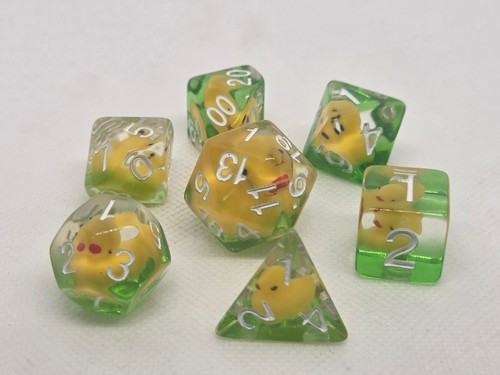 Dnd dice set 7 acrylic - set,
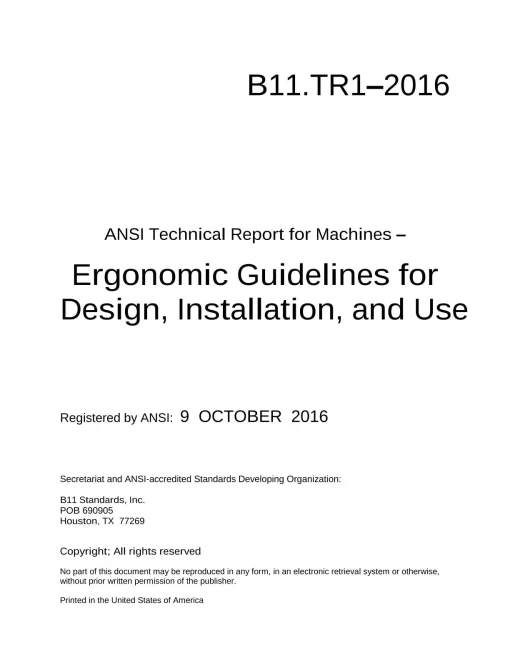 B11 B11.TR1-2016 pdf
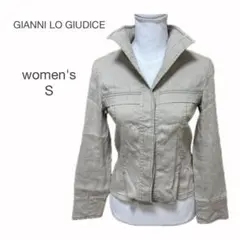 ジャンニロジュディチェ 長袖 ジャケット S 麻混 春夏秋 おでかけ 羽織物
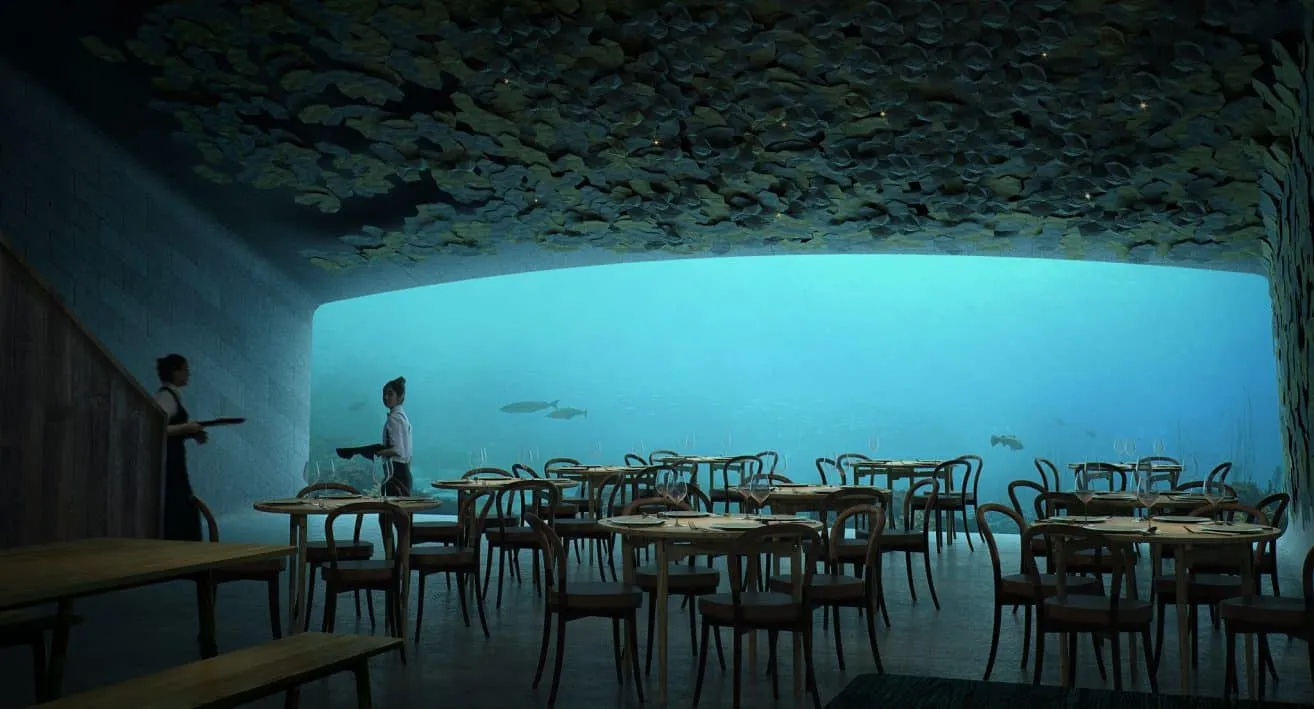Europe’s very first underwater restaurant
********
**Exercise directions:** What you give back must match the material above exactly, minus its pictures.

**Reply:**
 Dnd dice set 7 acrylic - set,
 B11 B11.TR1-2016 pdf
 ジャンニロジュディチェ 長袖 ジャケット S 麻混 春夏秋 おでかけ 羽織物
Europe’s very first underwater restaurant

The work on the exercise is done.